_Given data_:
....................

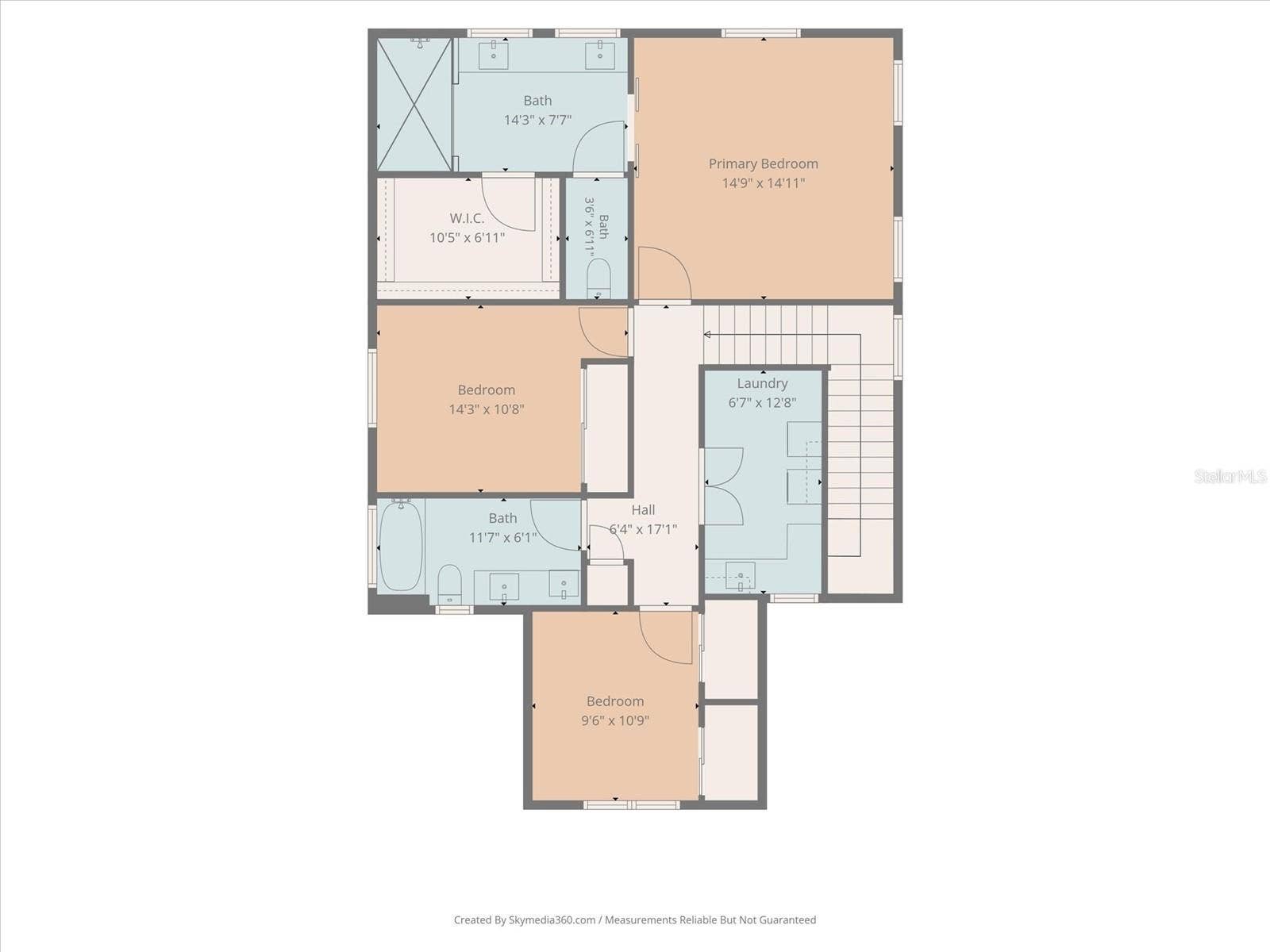 13342 BROMBOROUGH DRIVE, Orlando, FL 32832 13342 BROMBOROUGH DRIVE, Orlando, FL 32832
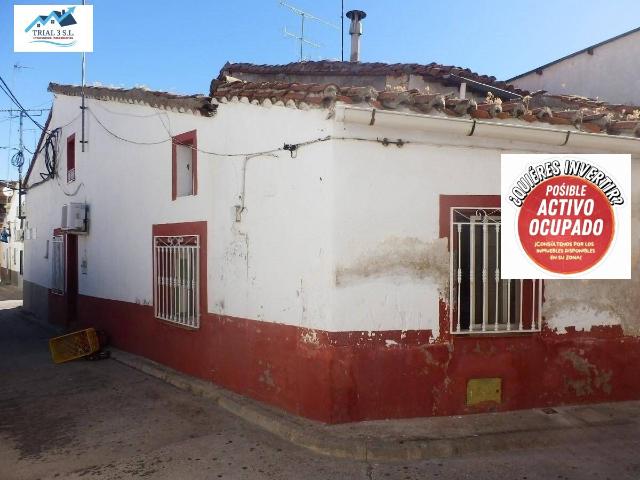Venta Casa en Navalmoral de la Mata Cáceres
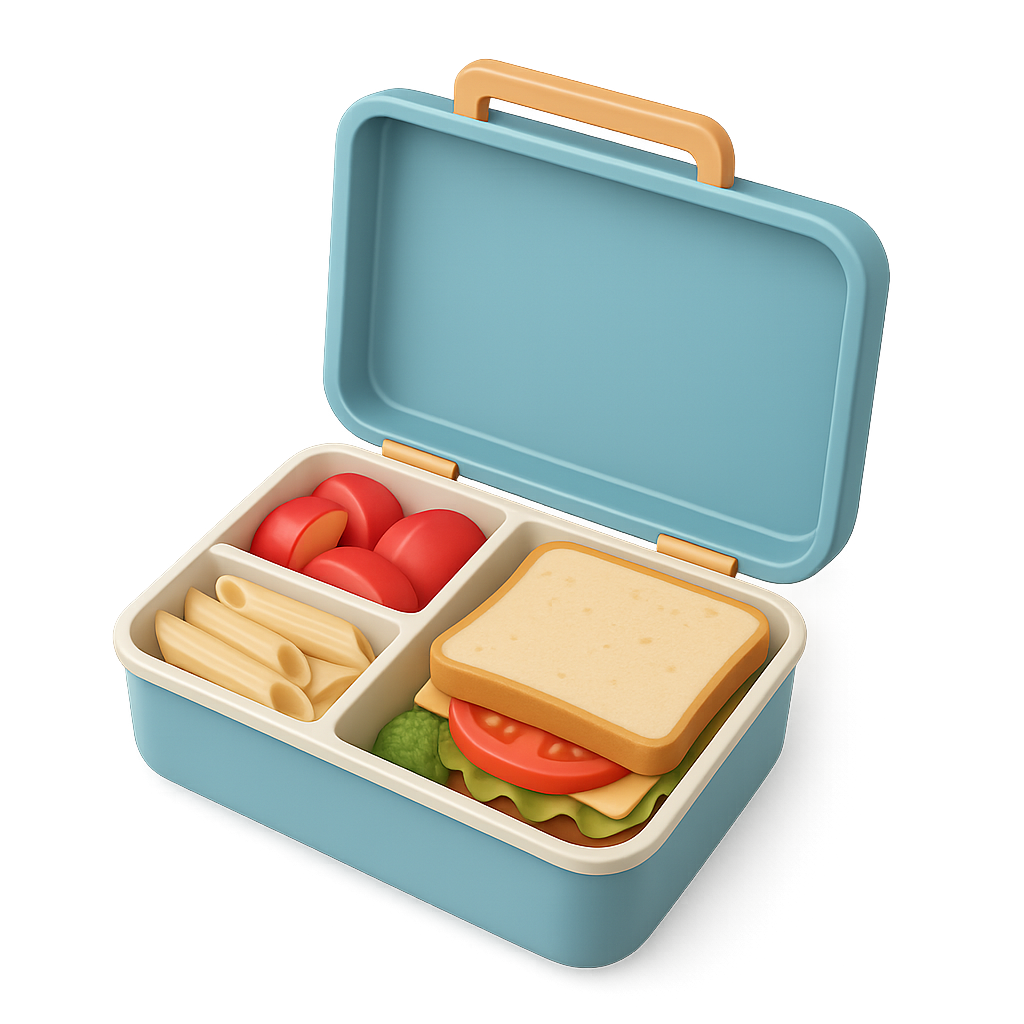 Lunchbox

....................

_What is needed_: Once the pictures are set aside, repeat the remaining data word for word.

_Task response_:
 13342 BROMBOROUGH DRIVE, Orlando, FL 32832 13342 BROMBOROUGH DRIVE, Orlando, FL 32832
Venta Casa en Navalmoral de la Mata Cáceres
 Lunchbox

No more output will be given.